**Activity**
Restrict the output to the lines below starting at the one that contains "Free photo vege" and ending at the one that contains "Hotel Hilton Garden", and restate them word for word, both ends included.

Short web captions

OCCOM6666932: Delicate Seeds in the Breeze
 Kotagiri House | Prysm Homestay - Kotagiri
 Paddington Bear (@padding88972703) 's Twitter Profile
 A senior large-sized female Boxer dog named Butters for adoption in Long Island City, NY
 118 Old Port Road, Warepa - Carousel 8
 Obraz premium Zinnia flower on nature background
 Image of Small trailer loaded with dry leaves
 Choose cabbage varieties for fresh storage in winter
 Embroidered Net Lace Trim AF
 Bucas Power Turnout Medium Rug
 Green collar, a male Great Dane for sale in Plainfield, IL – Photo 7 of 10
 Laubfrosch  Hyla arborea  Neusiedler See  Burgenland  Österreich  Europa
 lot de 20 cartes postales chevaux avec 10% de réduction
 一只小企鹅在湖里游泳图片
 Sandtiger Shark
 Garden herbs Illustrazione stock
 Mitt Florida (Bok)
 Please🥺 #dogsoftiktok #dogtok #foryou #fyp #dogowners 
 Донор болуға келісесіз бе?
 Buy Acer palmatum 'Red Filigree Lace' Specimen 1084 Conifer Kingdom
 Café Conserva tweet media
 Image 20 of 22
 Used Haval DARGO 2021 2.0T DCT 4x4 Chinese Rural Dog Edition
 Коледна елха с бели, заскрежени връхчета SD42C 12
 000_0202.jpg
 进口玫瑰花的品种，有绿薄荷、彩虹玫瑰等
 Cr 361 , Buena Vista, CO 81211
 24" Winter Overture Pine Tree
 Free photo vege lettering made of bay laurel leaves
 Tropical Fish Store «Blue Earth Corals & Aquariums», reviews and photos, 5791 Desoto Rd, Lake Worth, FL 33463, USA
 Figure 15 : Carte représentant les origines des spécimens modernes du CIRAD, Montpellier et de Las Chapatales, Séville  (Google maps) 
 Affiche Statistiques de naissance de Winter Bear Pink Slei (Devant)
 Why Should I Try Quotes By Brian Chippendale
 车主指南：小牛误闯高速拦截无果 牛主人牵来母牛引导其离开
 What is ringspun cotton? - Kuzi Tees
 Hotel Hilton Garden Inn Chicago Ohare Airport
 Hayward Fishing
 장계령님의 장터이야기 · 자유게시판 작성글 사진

**Answer below**
 Free photo vege lettering made of bay laurel leaves
 Tropical Fish Store «Blue Earth Corals & Aquariums», reviews and photos, 5791 Desoto Rd, Lake Worth, FL 33463, USA
 Figure 15 : Carte représentant les origines des spécimens modernes du CIRAD, Montpellier et de Las Chapatales, Séville  (Google maps) 
 Affiche Statistiques de naissance de Winter Bear Pink Slei (Devant)
 Why Should I Try Quotes By Brian Chippendale
 车主指南：小牛误闯高速拦截无果 牛主人牵来母牛引导其离开
 What is ringspun cotton? - Kuzi Tees
 Hotel Hilton Garden Inn Chicago Ohare Airport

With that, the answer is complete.